Data Pipeline, the process orchestrator
Data Pipeline is Fabric’s orchestration tool. It is used to move data from different sources, run steps in sequence, and handle error scenarios.
It has a partly low-code, partly script-friendly approach. That means both drag-and-drop users and those who want to intervene with JSON or code can work comfortably.
It is typically used to trigger Dataflows or Notebooks in a specific order.
Notebook, for code-first data processing
Notebooks are the most flexible tool for data engineers and data scientists. With a Spark-based foundation, they are ideal for working with large data and performing advanced transformations.
Python, SQL, Scala, or R can be used. For data wrangling, ML model preparation, or complex join logic, they offer more control than the other tools.
However, more technical knowledge is required. If writing code is comfortable, the limits here are practically very far.
Which tool when?
These three are really different links in the same chain. For basic data cleansing, Dataflow Gen2 is a good fit, for managing workflows, Pipeline, and for complex transformations or modeling, Notebook. There is no single “correct” choice, the scenario determines the decision.

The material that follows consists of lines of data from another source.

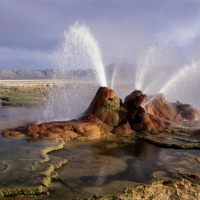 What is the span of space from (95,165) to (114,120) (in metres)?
5.15

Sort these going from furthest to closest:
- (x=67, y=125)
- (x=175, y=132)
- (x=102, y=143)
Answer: (x=175, y=132) < (x=67, y=125) < (x=102, y=143)

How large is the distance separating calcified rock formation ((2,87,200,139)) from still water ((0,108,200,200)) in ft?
2.60

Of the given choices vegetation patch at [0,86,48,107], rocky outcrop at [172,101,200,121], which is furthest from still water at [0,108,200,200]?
vegetation patch at [0,86,48,107]

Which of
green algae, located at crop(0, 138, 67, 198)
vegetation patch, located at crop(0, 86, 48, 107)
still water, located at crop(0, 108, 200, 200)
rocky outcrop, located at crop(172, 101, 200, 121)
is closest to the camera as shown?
green algae, located at crop(0, 138, 67, 198)

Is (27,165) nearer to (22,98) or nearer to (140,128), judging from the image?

| Feature | Dataflow Gen2 | Data Pipeline | Notebook |
|---|---|---|---|
| Code Requirement | Low-code/no-code, visual, Power Query based | Low-code plus code-based activities possible | Requires code (Python, Spark, Scala) |
| Transformation Capability | Built-in transforms, cleansing, enrichment, denormalization | Complex ETL, multi-step workflows, conditional activities | Any level, custom algorithms, ML, advanced analytics |
| Automation/Orchestration | Limited (mostly source-to-target, basic scheduling) | Rich orchestration, scheduler, error handling, triggers | Can be integrated into pipelines, code-driven automation |
| Performance | Parallel batch processing via Spark | Large data movement, strong fault tolerance | Big data processing, advanced statistics and ML |
| Targets/Sources | Lakehouse, warehouse, broad connector support | Multiple sources/targets (files, APIs, databases, etc.) | Lakehouse, Parquet, Delta, external data sources |
| Primary Use | Data preparation, cleansing, pre-analytics setup | Data movement, workflow management, automation | Data exploration, advanced transformation, ML and analysis |
| Monitoring and Error Handling | Basic, lineage and dataflow tracking | Detailed, step-by-step error handling and alerting | Manual monitoring and logging in code |
Important
Dataflow Gen2, Data Pipeline, and Notebook are not isolated tools, they work together as different parts of the same solution. The best outcome typically comes from an end-to-end data flow where these tools are used in sequence.
In the ELT approach commonly used for data lakehouses, the Pipeline forms the backbone. It orchestrates multi-step workflows with scheduling, error handling, and retry mechanisms.
In this setup, data ingestion is often done via copy activities, data from different sources is written into the Bronze layer. Then the data landed in Bronze is transformed and promoted to Silver and Gold using Notebooks.